Si la photographie du film reste relativement équivoque à ce qui se fait dans le cinéma indépendant américain actuelle, il faut reconnaître un travail perfectionniste sur l'aspect visuel et sonore du film. Néanmoins, ces aspects techniques sont éclipsés par les interprétations brillantes du triangle d'acteurs principaux. Joaquin Phoenix qui campe littéralement un soldat aliéné et alcoolique notoire, Philip Seymour Hofman en leader charismatique de la Cause et Amy Adams, qui interprète sa femme, personnage peu développé mais qui explose d'intensité dans sa confrontation pulsionnelle avec son mari dans la salle de bain. Une séquence choc qui ne laissera personne de marbre.
Malheureusement, si le film est porteur d'un sacré message et révélateur d'une société attristée par ses pertes, The Master demande beaucoup d’exigence. Il n'est pas aisé de rentrer pleinement dans ce film. The Master n'est pas à mettre entre toutes les mains. La dernière partie est bien plus complexe que ce qui a été livré pendant plus d'une heure et demi. De questions se soulèvent sur la réalité de ce qui se passe à l'écran ou si tout n'est que l'imagination et la folie pure et dure de Joaquin Phoenix. Le sens de certaines séquences est difficile à définir sur l'instant et personnellement je trouve que le film se termine sur une forme d'incompréhension et d'inachevé. Après concernant la relation du maître et de son disciple, je trouve cette relation étrange, peu crédible qui relève davantage du mystique. On sort de la salle avec, il est vrai, une certaine frustration. Frustration par rapport à ce film difficilement accessible sans une certaine connaissance au préalable.

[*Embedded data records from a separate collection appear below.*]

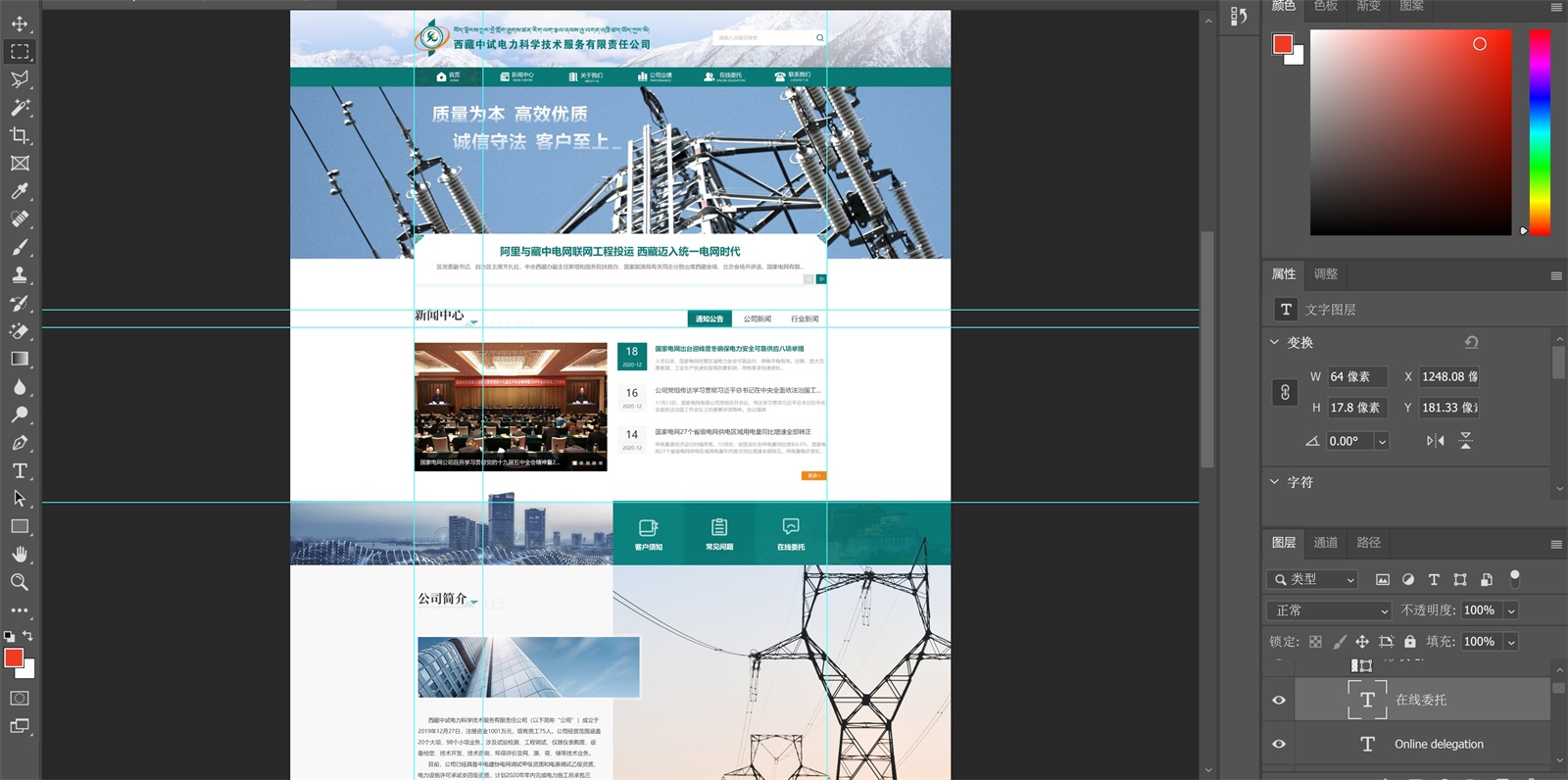 西藏中試電力科學技術服務有限責任公司網站效果設計圖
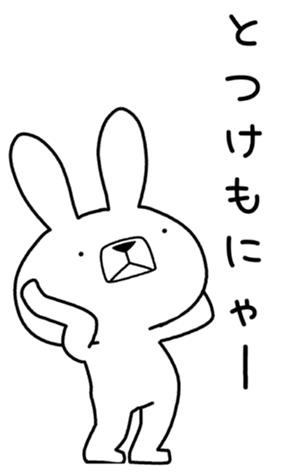 425504920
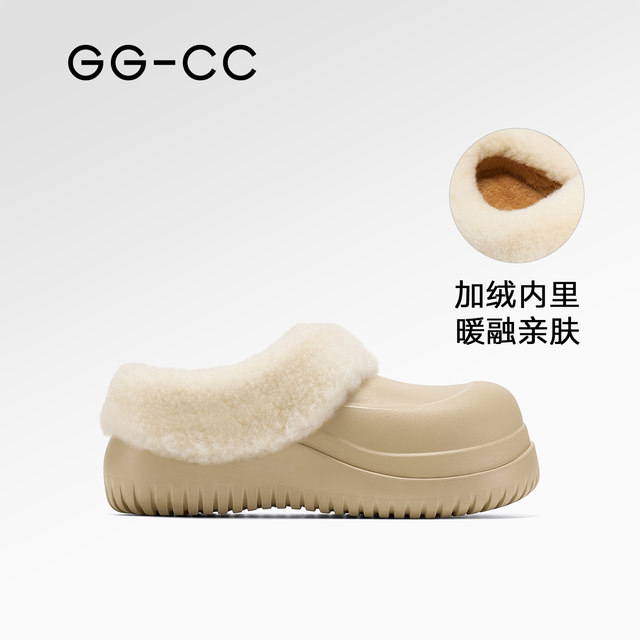 GGCC2025 new winter style thick-soled half-slippers with plush lining, lazy furry shoes and cotton shoes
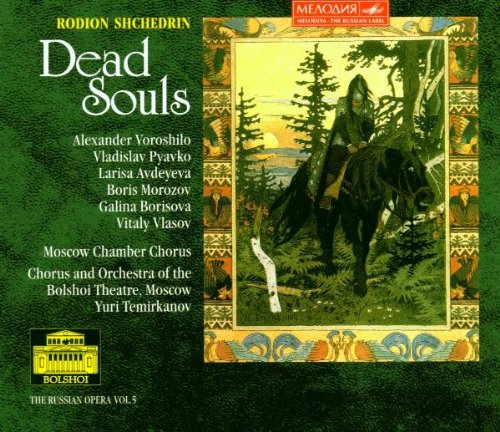 Die Toten Seelen cd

Les perfectionnistes et les cinéphiles du cinéma d'auteur seront comblés, le grand public un peu moins et entre eux, les intermédiaires trouveront matière à apprécier le film sans pour autant rentrer dedans. Cette traversée est assez pénible même si à bord de ce paquebot, il y a des qualités indéniables qui font rentrer aisément ce film dans la filmographie célèbre de Paul Thomas Anderson, réalisateur contemporain qui a déjà, à coup sûr, marqué le cinéma de son empreinte.